__What the exercise asks__.
I would like you to restate each record word for word.

Dataset excerpts:
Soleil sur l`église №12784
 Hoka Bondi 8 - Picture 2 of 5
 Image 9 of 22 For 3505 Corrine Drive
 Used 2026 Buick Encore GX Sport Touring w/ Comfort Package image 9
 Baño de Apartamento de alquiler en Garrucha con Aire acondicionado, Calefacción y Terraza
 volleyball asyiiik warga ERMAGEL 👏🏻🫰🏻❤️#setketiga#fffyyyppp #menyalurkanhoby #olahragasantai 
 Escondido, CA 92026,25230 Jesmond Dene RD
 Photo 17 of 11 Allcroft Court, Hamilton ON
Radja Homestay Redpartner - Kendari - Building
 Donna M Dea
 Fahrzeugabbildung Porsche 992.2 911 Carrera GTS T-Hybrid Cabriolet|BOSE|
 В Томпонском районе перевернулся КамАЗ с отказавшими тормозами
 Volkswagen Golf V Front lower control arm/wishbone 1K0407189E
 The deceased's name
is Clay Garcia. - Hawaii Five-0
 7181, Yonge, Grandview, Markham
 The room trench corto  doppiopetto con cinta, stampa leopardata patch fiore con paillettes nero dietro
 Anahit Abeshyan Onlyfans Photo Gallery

__Exercise answer__.
Soleil sur l`église №12784
 Hoka Bondi 8 - Picture 2 of 5
 Image 9 of 22 For 3505 Corrine Drive
 Used 2026 Buick Encore GX Sport Touring w/ Comfort Package image 9
 Baño de Apartamento de alquiler en Garrucha con Aire acondicionado, Calefacción y Terraza
 volleyball asyiiik warga ERMAGEL 👏🏻🫰🏻❤️#setketiga#fffyyyppp #menyalurkanhoby #olahragasantai 
 Escondido, CA 92026,25230 Jesmond Dene RD
 Photo 17 of 11 Allcroft Court, Hamilton ON
Radja Homestay Redpartner - Kendari - Building
 Donna M Dea
 Fahrzeugabbildung Porsche 992.2 911 Carrera GTS T-Hybrid Cabriolet|BOSE|
 В Томпонском районе перевернулся КамАЗ с отказавшими тормозами
 Volkswagen Golf V Front lower control arm/wishbone 1K0407189E
 The deceased's name
is Clay Garcia. - Hawaii Five-0
 7181, Yonge, Grandview, Markham
 The room trench corto  doppiopetto con cinta, stampa leopardata patch fiore con paillettes nero dietro
 Anahit Abeshyan Onlyfans Photo Gallery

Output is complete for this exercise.